Benim gizli formülüm Anneannem’in hediyesi doğal at kılı fırçası. Bu ürünü kullanarak selulit oluşumunu en aza indirgemek ve pürüssüz bir cilt ve parlaklık elde etmek mümkündür.
Plajda güneşlenmek için seçeceğiniz yer önemlidir. Tüm plaja hâkim, sizin herkesi görebileceğiniz ancak herkesin sizi rahatça göremeyeceği bir yeri tercih etmelisiniz.
Güneşlenirken ne okuduğunuz önemlidir, sizi sürükleyecek konulara sahip kitaplar tercih etmelisiniz. Gün boyu kulaklarınızda sizi yormayacak rahat müzikleri tercih edin.
Büyüleyici bronzluk için tüm gün plajda yatmanız gerekmez. Kalıcı bronzluğu yavaş yavaş elde etmeniz mümkündür. Daha çok sabah saatlerini ve öğle sonrası saatlerini tercih edin, bu sayede arkadaşlarınızla vakit geçirmeye, spor yapmaya da vaktiniz olur.
Güneşlendiğiniz süre içinde su kaybedersiniz, bol bol su içmeyi unutmayın.
Güneşe çıkmadan en az bir hafta önce başlayarak bronzluk koruyucu losyonunuzu sürün, soyulmayı önleyin. Tatil sonrası da losyonunuzu kullanarak bronzluğunuzu koruyabilirsiniz.
Kullandığınız güneş yağının seçerken kokusuna dikkat edin. Plajda yürüdüğünüzde arkanızda güzel bir koku bırakmak önemlidir. Unutmayın insan beyni kokuyu ne kadar zaman geçerse geçsin unutmaz.
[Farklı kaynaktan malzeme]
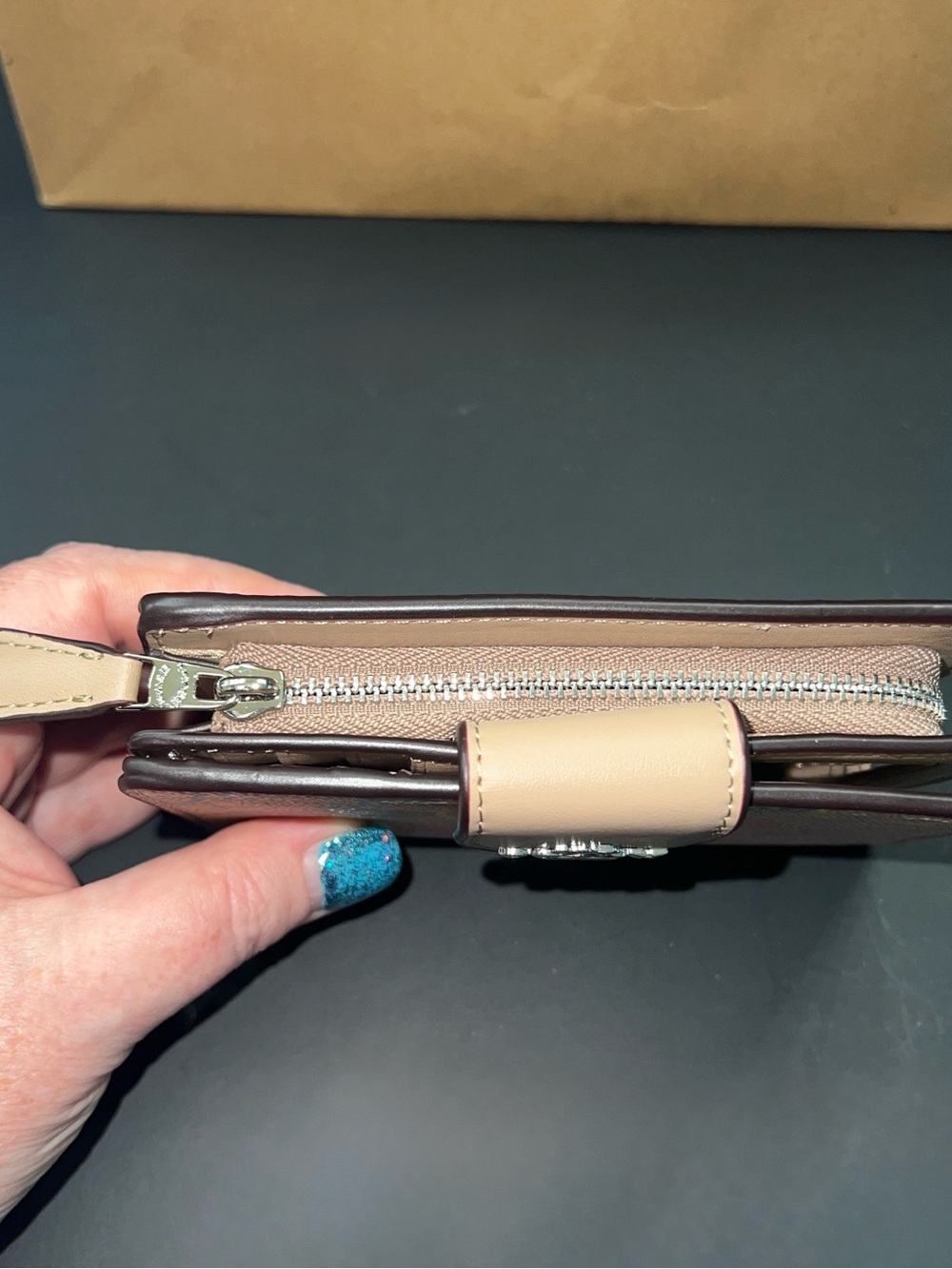 NWT COACH Rainbow Sand Multi Signature Small Wallet - Picture 6 of 9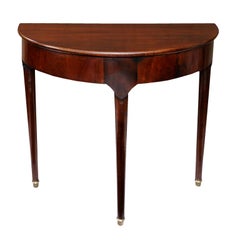 Small Mahogany Louis XVI Demilune Table, ​circa 1780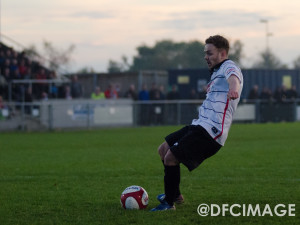 Nathan Cartman scores the winner for Quakers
Plaja giderken bikini, pareo, gözlük, çanta seçimlerinizin uyumu önemlidir. Giyindikten sonra aynaya bakın gözünüze ilk çarpanı çıkartın, çünkü gözünüze ilk çarpan mutlaka fazlalıktır. Benim için yazın plaja giderken gladyatör sandaletlerim olmazsa olmazımdır.